* Data for the task:
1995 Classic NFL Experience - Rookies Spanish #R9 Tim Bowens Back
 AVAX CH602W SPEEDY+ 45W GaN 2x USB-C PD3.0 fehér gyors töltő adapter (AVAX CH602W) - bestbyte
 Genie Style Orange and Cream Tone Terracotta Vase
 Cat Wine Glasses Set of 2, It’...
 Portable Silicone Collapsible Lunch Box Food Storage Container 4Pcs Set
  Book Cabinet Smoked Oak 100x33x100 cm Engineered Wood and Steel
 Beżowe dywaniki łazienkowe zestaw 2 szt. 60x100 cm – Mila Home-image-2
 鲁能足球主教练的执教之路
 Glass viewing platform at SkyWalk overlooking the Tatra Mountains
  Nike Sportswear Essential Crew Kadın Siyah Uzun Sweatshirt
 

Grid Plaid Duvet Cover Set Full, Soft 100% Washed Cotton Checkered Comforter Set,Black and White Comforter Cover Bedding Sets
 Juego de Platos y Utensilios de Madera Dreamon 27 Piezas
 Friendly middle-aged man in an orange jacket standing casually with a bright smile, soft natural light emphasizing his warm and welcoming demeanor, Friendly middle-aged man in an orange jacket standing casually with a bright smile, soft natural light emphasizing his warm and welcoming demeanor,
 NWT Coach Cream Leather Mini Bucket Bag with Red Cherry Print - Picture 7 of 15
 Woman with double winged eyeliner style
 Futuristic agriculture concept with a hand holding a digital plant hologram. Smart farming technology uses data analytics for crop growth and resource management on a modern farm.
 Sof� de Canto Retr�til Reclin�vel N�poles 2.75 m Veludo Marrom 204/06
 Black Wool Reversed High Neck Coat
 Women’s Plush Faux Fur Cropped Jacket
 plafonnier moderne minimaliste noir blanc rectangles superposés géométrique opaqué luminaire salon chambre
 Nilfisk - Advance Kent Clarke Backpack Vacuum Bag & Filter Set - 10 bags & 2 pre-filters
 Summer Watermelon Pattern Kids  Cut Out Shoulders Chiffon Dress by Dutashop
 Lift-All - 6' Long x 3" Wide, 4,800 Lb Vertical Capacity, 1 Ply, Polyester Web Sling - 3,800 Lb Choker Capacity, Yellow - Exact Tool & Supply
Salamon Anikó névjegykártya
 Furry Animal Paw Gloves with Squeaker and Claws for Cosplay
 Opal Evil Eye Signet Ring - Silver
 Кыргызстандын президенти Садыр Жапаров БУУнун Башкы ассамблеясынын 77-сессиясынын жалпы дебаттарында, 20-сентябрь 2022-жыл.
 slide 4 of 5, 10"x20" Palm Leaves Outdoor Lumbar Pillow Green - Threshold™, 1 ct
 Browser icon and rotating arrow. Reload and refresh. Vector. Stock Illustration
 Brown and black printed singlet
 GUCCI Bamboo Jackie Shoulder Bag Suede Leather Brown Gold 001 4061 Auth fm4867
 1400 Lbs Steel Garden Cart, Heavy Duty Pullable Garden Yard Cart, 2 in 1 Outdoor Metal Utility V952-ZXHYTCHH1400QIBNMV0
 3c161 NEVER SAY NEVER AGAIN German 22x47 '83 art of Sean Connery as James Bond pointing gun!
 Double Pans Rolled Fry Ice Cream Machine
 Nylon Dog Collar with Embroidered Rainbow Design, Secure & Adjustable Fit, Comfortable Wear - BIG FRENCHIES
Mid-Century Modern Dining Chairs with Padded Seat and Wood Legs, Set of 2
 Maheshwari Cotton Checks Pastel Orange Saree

* Problem to solve:
Reproduce verbatim the lines above, from the line with "Salamon Anikó névjegykártya" through the line with "Threshold™, 1 ct".

* Output for this task:
Salamon Anikó névjegykártya
 Furry Animal Paw Gloves with Squeaker and Claws for Cosplay
 Opal Evil Eye Signet Ring - Silver
 Кыргызстандын президенти Садыр Жапаров БУУнун Башкы ассамблеясынын 77-сессиясынын жалпы дебаттарында, 20-сентябрь 2022-жыл.
 slide 4 of 5, 10"x20" Palm Leaves Outdoor Lumbar Pillow Green - Threshold™, 1 ct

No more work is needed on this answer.